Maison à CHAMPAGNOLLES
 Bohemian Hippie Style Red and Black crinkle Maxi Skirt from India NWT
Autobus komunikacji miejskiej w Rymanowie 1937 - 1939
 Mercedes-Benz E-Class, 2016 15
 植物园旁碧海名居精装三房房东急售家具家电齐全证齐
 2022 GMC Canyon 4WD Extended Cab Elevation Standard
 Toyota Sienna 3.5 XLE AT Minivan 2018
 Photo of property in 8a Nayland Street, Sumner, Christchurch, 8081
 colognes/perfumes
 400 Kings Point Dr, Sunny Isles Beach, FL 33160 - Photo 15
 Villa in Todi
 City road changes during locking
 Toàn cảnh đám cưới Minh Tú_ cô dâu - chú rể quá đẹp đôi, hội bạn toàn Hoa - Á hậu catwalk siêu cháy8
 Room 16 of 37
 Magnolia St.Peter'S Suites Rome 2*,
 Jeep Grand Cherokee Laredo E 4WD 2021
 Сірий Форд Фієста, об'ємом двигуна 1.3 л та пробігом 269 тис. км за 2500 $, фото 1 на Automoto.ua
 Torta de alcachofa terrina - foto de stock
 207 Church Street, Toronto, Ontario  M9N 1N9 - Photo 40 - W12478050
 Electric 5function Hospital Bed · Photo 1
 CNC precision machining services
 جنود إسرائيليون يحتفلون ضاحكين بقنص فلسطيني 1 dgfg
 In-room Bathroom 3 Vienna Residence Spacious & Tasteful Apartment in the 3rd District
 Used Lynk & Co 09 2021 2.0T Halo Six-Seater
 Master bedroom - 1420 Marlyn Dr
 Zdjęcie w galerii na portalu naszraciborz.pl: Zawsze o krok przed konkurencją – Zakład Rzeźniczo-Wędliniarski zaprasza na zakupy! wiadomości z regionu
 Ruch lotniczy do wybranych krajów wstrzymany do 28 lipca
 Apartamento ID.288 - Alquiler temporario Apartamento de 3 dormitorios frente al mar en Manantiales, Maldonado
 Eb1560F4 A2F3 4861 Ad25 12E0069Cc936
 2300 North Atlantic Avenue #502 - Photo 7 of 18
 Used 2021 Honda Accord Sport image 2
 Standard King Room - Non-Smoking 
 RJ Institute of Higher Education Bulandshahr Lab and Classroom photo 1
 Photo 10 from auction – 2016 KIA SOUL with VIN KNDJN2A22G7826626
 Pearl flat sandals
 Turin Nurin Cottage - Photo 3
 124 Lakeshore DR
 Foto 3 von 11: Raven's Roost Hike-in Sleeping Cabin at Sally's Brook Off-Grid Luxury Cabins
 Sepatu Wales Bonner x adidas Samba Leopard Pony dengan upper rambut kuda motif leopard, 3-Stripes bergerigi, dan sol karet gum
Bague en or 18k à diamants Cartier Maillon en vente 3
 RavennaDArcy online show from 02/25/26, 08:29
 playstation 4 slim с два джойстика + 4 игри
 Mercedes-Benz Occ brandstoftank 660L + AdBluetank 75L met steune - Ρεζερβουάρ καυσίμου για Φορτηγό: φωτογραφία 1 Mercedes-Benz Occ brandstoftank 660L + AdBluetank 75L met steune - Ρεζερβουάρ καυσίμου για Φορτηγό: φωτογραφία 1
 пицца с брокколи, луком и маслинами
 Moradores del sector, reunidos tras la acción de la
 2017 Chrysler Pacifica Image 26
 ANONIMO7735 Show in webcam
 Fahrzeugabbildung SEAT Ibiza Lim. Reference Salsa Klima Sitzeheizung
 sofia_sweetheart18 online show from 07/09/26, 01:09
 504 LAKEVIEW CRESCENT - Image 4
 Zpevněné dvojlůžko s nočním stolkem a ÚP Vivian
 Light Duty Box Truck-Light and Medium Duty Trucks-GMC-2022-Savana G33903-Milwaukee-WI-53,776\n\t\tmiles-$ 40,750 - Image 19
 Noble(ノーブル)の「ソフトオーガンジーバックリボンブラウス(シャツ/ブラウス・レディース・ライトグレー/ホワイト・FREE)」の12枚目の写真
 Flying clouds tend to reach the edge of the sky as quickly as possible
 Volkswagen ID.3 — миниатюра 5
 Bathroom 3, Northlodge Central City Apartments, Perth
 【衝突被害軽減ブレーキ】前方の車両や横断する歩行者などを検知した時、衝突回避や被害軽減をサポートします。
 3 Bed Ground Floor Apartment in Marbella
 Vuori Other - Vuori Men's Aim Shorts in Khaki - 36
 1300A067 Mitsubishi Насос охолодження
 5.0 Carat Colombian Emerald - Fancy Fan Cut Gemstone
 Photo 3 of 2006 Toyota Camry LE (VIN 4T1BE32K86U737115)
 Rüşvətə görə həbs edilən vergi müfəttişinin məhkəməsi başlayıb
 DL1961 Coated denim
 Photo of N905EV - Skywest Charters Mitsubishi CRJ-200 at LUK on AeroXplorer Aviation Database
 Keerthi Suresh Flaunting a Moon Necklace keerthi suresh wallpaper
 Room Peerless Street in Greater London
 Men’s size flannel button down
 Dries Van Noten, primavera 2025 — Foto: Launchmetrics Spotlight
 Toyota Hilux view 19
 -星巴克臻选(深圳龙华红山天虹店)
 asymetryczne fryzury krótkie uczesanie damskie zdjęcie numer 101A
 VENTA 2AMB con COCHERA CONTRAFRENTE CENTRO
--------------------------------------------------
• **WHAT YOU WILL DO**:
Go through the listing above and return every line where the word "Used" occurs.

• **YOUR RESPONSE**:
 Used Lynk & Co 09 2021 2.0T Halo Six-Seater
 Used 2021 Honda Accord Sport image 2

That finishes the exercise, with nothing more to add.